Team co-founder, Holden Comeau, is known for his insane sprint ability. His mantra for sprinting on an indoor trainer is “lift the car”. Quite literally, he envisions walking up to the back of a car, placing his hands firmly underneath the bumper, and trying as hard as he can to lift it. A proper sprint feels like a failed lift – where he never quite gets the car off the ground, making sure every ounce of effort goes straight into the pedals. That’s where the Sprintboard comes in. Holden took the top off of a Saris MP1 Platform with Nfinity Technology, which has straps to secure the trainer and front wheel to the board. When the bike and trainer can’t move or jump around, every ounce of energy Holden puts into the pedals goes into making sure his avatar in-game crosses the finish line first. 


Saris MP1 Set Up

Hey Alexa/Siri, Okay Google, Turn On Fans!

We hammered away the importance of fans in the paragraphs above. Here’s the ultimate way to level-up your indoor setup: smart switches. If you’re using a strong fan, it’s likely that you won’t need it right when you hop on the bike or in the early part of a race. Plugging your fans into a smart-enabled plug adapter will give you remote control of your fans, regardless of how “smart” they are!

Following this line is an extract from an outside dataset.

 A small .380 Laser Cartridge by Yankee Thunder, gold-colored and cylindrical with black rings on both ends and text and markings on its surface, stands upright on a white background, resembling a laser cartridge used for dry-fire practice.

If you’re especially handy, you can hard-wire the fans onto an electrical switch, too!


Stand Up

While outdoors aero is everything, inside you are not penalized for a poor aerodynamic position. Many cyclists find decreasing cadence and standing up controls their effort and allows them to push more power for a longer duration than if they were seated. Saris NoPinz racer Ryan Larson, a former collegiate runner, finds that standing makes climbing and pushing power easier. While this may not come easily or quickly, experimenting withstanding efforts, increasing duration over the course of a few weeks will help you adapt to the position. Give it a try!


Sprint Shifter

Turn, change camera views, and hit your powerup without moving your hands off the bars using a bluetooth-enabled, handlebar mounted switch. Titan Lab, a cycling technology company, has a product called the Kommander just for this use. It gives you all the controls you could want mid-race and you won’t have to fumble with your phone or keyboard to hit that powerup in the key moment of your race!